● **What to produce**
There is one span to output from the data below: the lines starting at the line with "Casă nouă, complet" and ending at the line with "benjamin_reinhard_scripps_bee_052726_ap.png". Output it exactly, ends included, nothing more.

======== Data provided ========

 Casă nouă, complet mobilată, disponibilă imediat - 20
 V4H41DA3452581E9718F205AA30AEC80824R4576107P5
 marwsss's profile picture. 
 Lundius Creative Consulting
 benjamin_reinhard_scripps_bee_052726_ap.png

========
======== Data provided ========

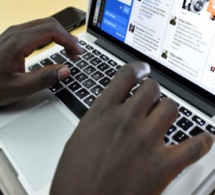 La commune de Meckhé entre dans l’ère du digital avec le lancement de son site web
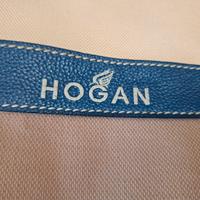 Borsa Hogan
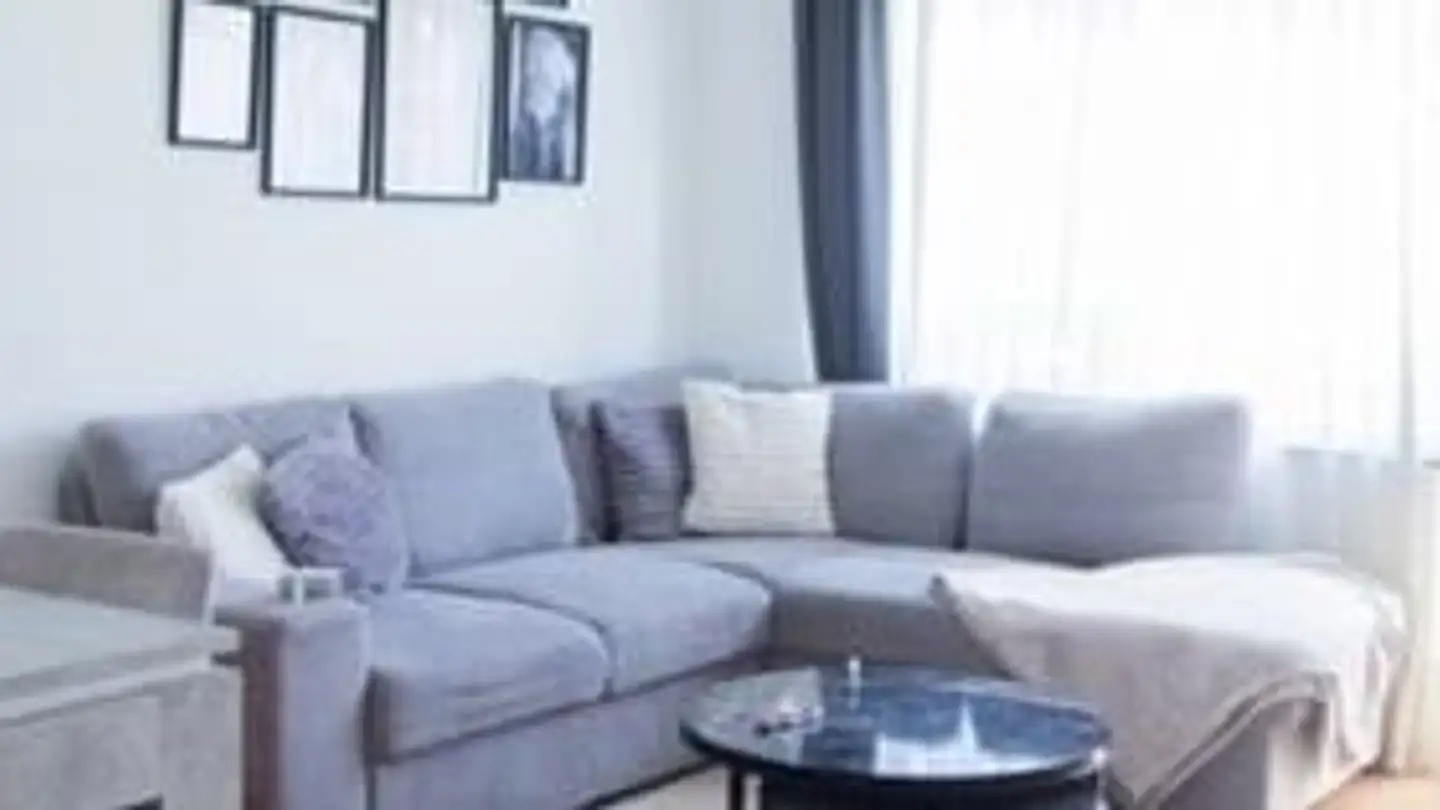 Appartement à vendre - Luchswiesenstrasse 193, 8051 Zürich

========
======== Data provided ========

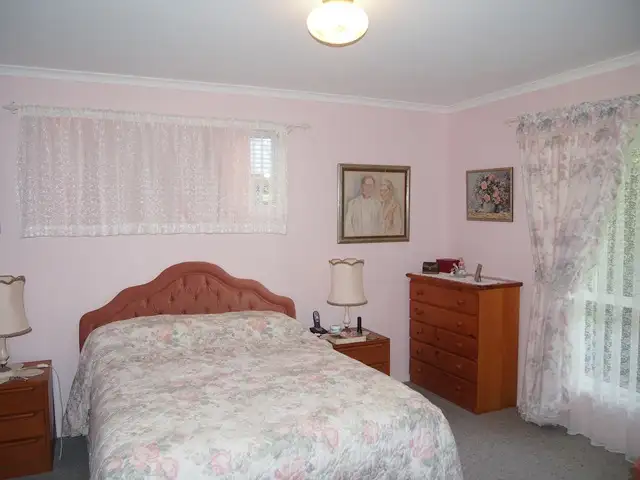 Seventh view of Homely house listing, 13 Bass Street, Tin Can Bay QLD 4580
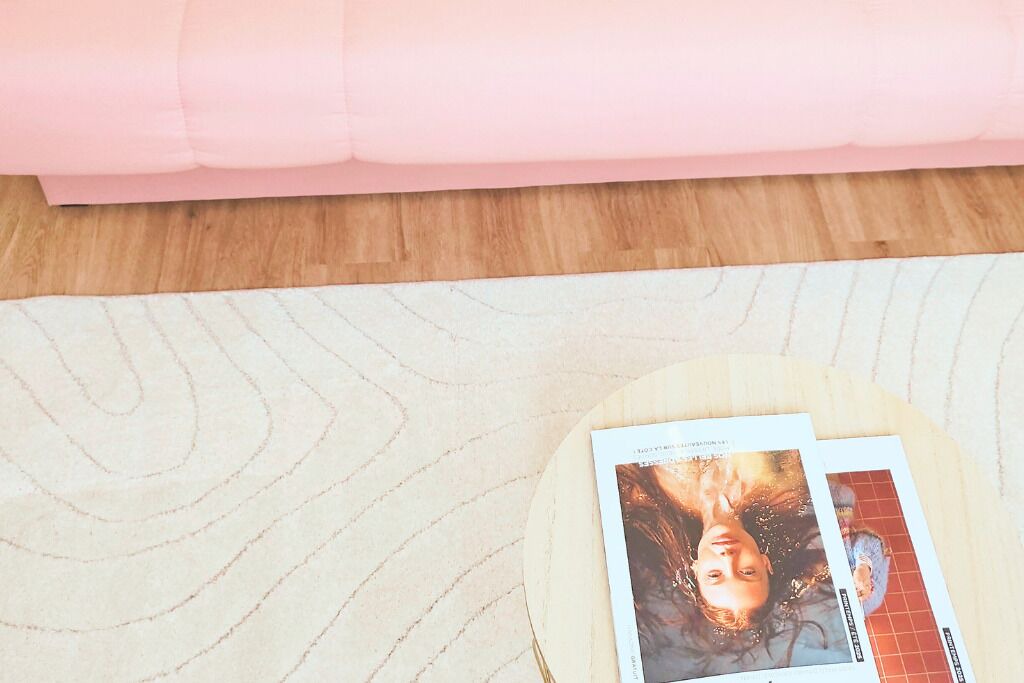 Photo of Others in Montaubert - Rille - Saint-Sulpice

========

● **Answer below**
 Casă nouă, complet mobilată, disponibilă imediat - 20
 V4H41DA3452581E9718F205AA30AEC80824R4576107P5
 marwsss's profile picture. 
 Lundius Creative Consulting
 benjamin_reinhard_scripps_bee_052726_ap.png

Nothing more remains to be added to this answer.